The task
Nothing in the records below should be altered when they are retyped.

Given information
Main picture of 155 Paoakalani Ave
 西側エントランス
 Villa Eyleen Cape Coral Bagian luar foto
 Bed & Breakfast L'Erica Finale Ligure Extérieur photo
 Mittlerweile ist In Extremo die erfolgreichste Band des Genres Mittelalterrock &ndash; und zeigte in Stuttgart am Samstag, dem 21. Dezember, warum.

Exercise response
Main picture of 155 Paoakalani Ave
 西側エントランス
 Villa Eyleen Cape Coral Bagian luar foto
 Bed & Breakfast L'Erica Finale Ligure Extérieur photo
 Mittlerweile ist In Extremo die erfolgreichste Band des Genres Mittelalterrock &ndash; und zeigte in Stuttgart am Samstag, dem 21. Dezember, warum.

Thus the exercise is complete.